Summary
Eye-related injuries in Australia is the third in a series of national reports providing an overview of eye health in Australia. This report contains information on eye injuries drawn from a range of data sources.
Key findings
Generally, eye injuries were found to be more common for males than for females, particularly those of working age.
General practice
- Eye injuries are only a small proportion (0.2%) of presentations to general practice, with 46% of presentations associated with a foreign body in the eye.
- Almost half of all eye injury presentations required medication and two in five required a procedural treatment.
Emergency departments
- Eye injury constitutes 6% of injury presentations to Victorian emergency departments (EDs).
- Four-fifths of presentations involved males; the majority were of working age.
- More than half of presentations were due to a foreign body in the eye.
- Only 3% of ED presentations required hospitalisation.
Hospitalisations
- More than two-thirds of hospitalised eye injury cases involved males.
- Fracture of bones around the eye and superficial injury around the eye were the most common first occurring eye diagnoses, constituting more than half of hospitalised eye injury cases.

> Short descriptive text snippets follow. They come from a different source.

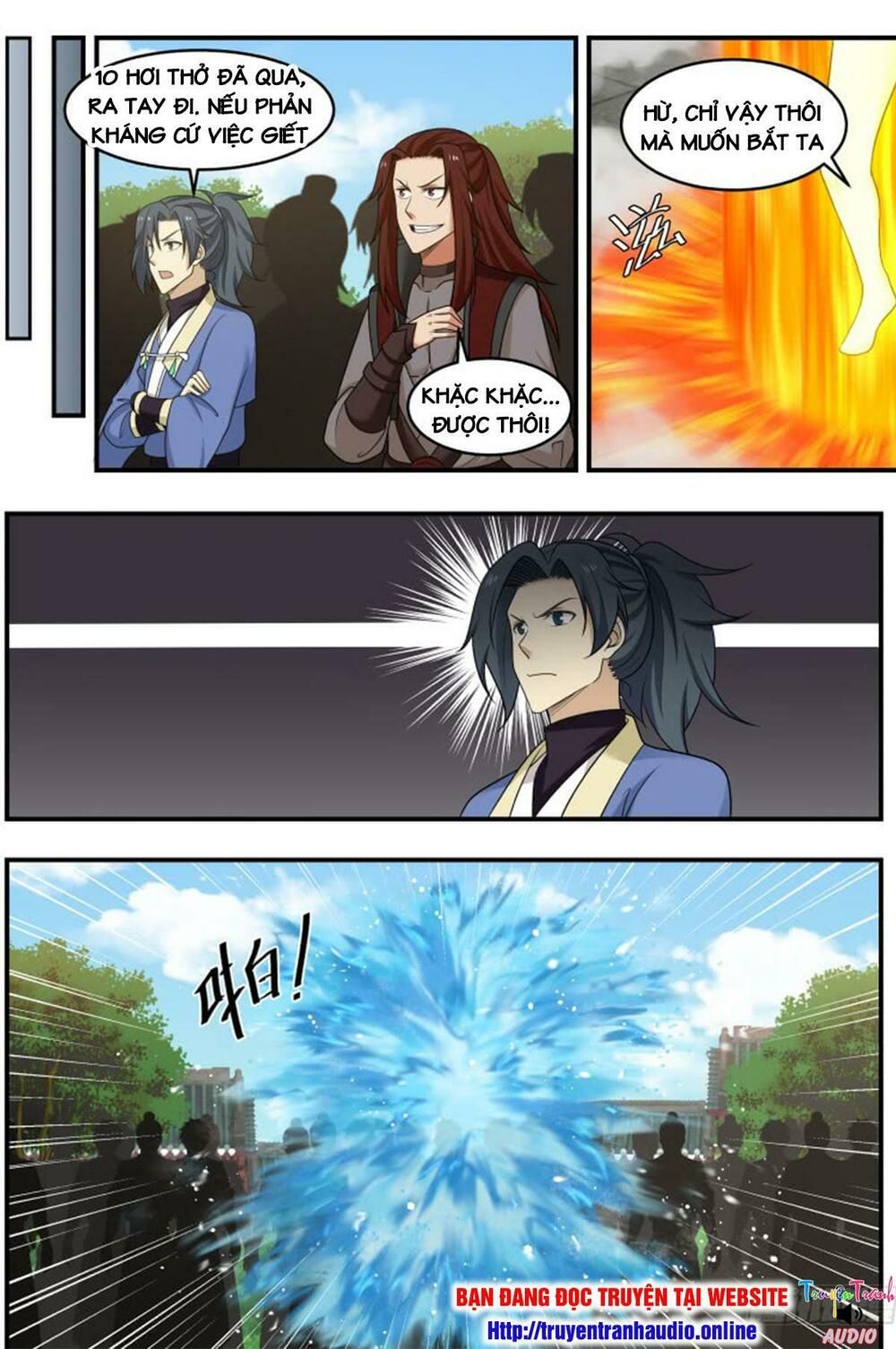 đọc truyện Võ Luyện Đỉnh Phong Chương 447 ảnh 6 tại Thiên Thai Truyện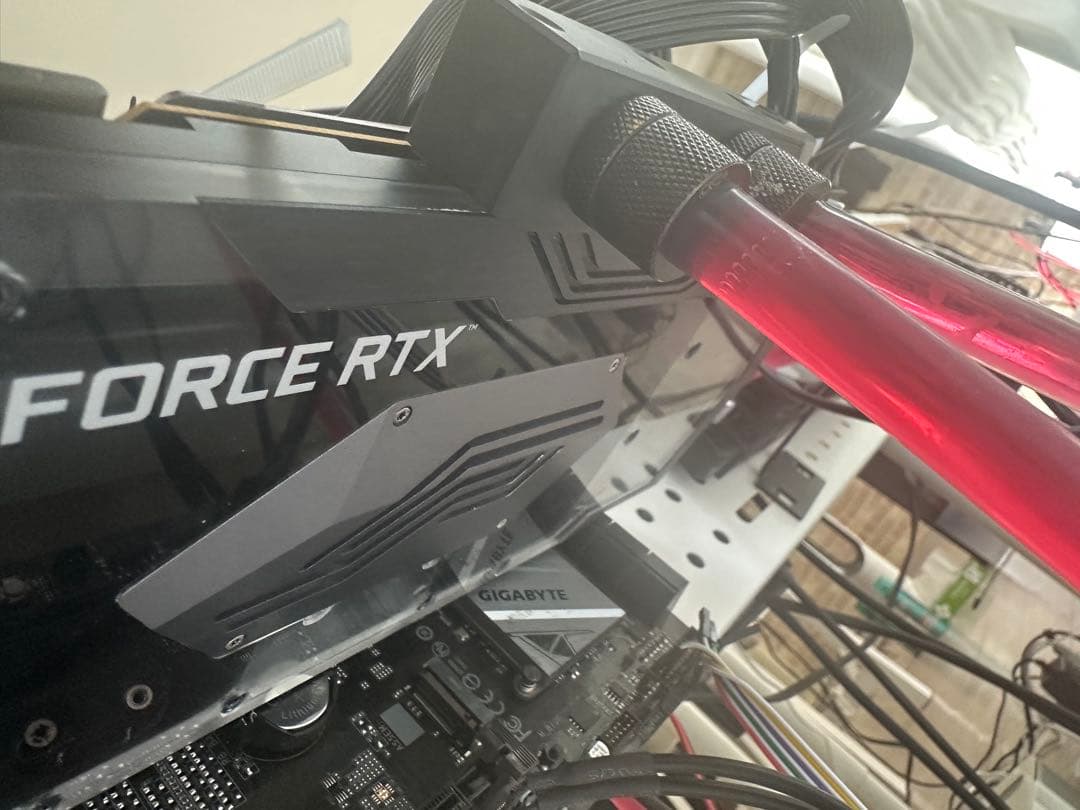 RTX 3090 zotac ArcticStorm 水冷　OC可　生成AI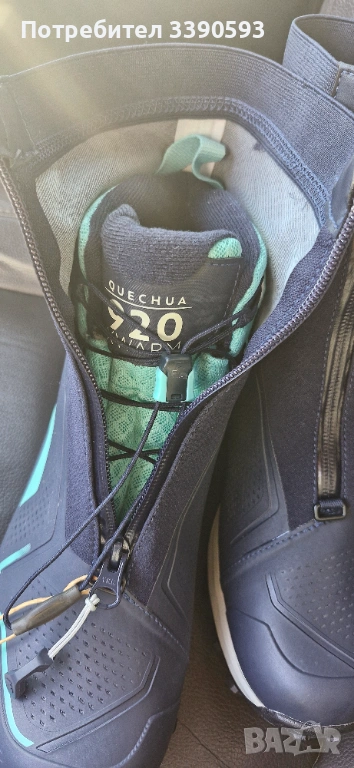 Дамски, водоустойчиви обувки за преходи в планината, номер 40., снимка 1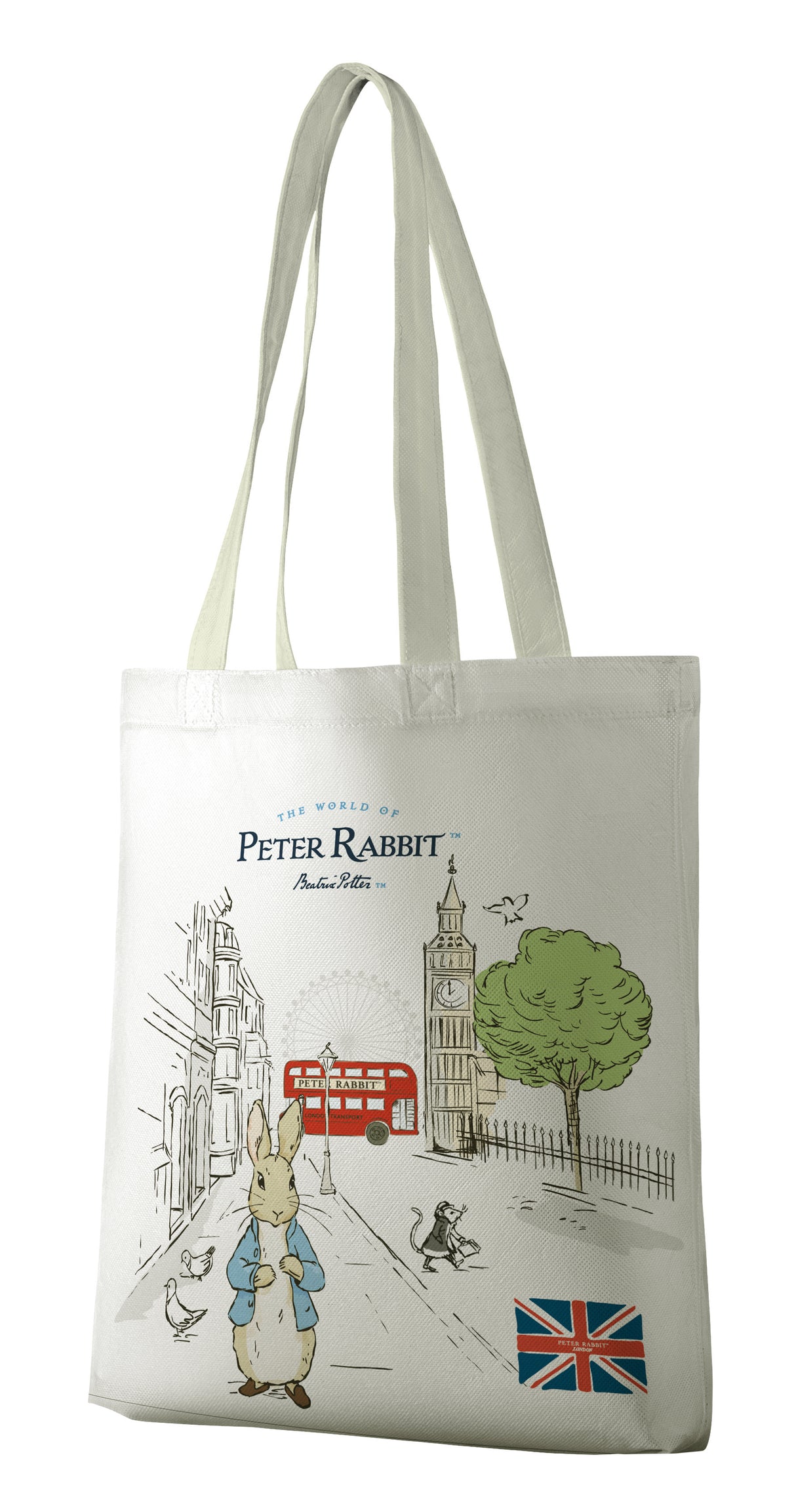 Peter Rabbit Out & About Tote Bag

- Falls, assault and transportation were the main types of mechanism of injury for eye-related hospitalisations.
- Hospitalised eye injuries involving Indigenous Australians occurred at a much higher rate (234 cases per 100,000) than for other Australians (79 per 100,000).
Workers compensation
- The most common diagnosis for eye-related injury and disease compensation claims was a foreign body in the eye. The median time lost from work because of a foreign body in the eye in 2004-05 was 1.5 weeks.
- The most common mechanism of injury for work-related eye injury was being hit by moving objects.